By recursively considering the real purposes behind each activity or goal, I created a chain of continually expanding goals, all the way to the store's ultimate goal of maximizing shareholder value (one could go even beyond that, but I think that's far enough for the purposes of discussion).  Here's the big idea:  Every one of the links in the chain could potentially be substituted.  The loyalty card could be substituted by a smartphone to fulfill the goal of providing trackable purchase data, the product placement optimizations could be substituted by providing higher margin products to fulfill the goal of increasing sales, and increasing sales could be substituted by reducing costs to fulfill the goal of increasing profits.  In other words, every one of the links in the chain is in a potential area for disruption.

Building such a potential disruption chain could be a useful tool for drawing out ideas for innovations.  It is easy to think of innovations in the bottom link (Let's just use this newer, better technology X!), but as you move up the chain, innovations have much greater potentials for impact.  Just imagine the store coming up with a new method for obtaining correlated purchase and demographic data, such as simply buying the data from a specialized firm.  The specialized firm may offer much higher-quality analyses, and the store would be able to realize savings in the printing of loyalty cards, scanner equipment, data warehousing, and the performance of its own analyses.  Breaking out the purpose of a particular activity into a potential disruption chain helps such ideas come forth.

A Potential Disruption Chain

Friday, October 1, 2010

Managing an Innovation Portfolio

This week, my Marketing class discussed innovation strategy, driven particularly by a George S. Day's article, "Is It Real?  Can We Win?  Is It Worth Doing?", printed in the Harvard Business Review in 2007.  Two key points popped out at me from this article:

  1. Just like in the world of investments, your innovation portfolio should be diversified in terms of risk.
  2. To narrow down the candidates for innovations to pursue, have a team ask the three essential questions that make up the name of the article.
I found the first point particularly interesting.  Day suggested creating a scatter plot of projects, with the x-axis being newness of the intended market (to he firm) and the y-axis being the newness of the technology (to the firm).  Intuitively, he's suggesting that risk increases as the innovation is either more unfamiliar in terms of technology or more unfamiliar in terms of intended market.  The big idea with this is that a firm ought to be able to draw a trendline roughly equivalent to y=x, where the points are evenly distributed between high risk and low risk.   In other words, the ideal strategy includes incremental innovations, big innovations in terms of new markets, big innovations in terms of new technologies, and big innovations in both new markets and new technologies.

As Day points out, most firms focus on the lower-left (incremental innovations).  This makes sense in a risk-averse environment, where a misstep could damage a company's credibility.  But what about an environment where missteps are expected or easily swept under the rug?  I would argue that tech fits that category.  Just take a look at recently failed high-risk projects, such as Google Wave (New technology?

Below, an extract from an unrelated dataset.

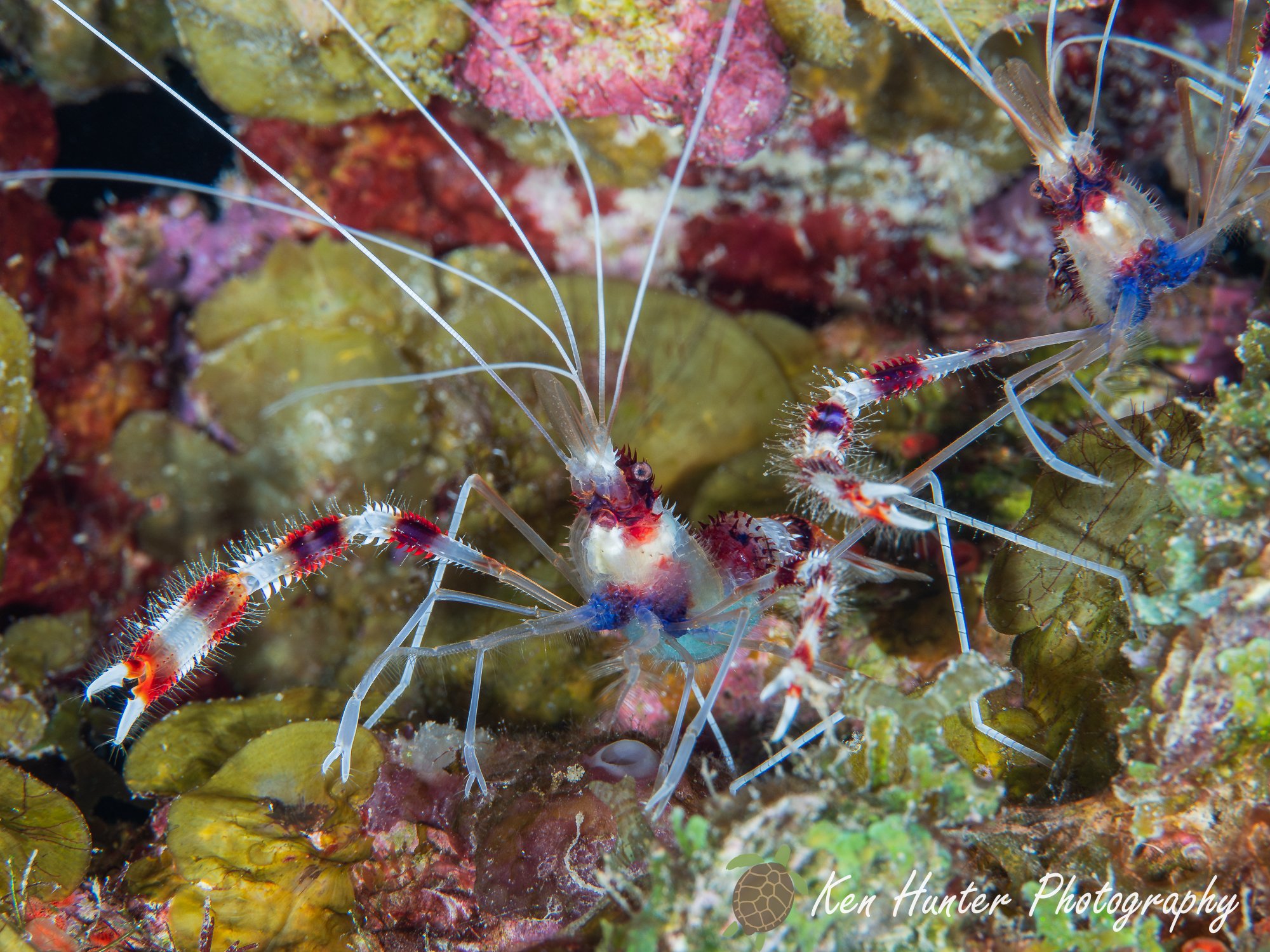 Coral Candy Cane.jpg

Yes.  New market for Google?  It was a project collaboration service - certainly a new space for Google).  Did Wave damage Google's credibility?  Not at all.  Could it have been huge?  Definitely.  In fact, tech demands high-risk projects, as evidenced by the common worry among tech executives that their business could be replaced by "two guys in a garage."  Those two guys in a garage are certainly pushing the envelope of new technologies and new markets.  In order for an incumbent to compete, it needs to beat the two guys to those innovations.

Incumbent tech firms certainly need some incremental innovations to continue steady growth with existing products, but complete risk aversion will lead to steady decline.  Technology moves fast; patents are easily worked around; trade secrets are quickly leaked.  The only sure growth strategy is a healthy mix of risk.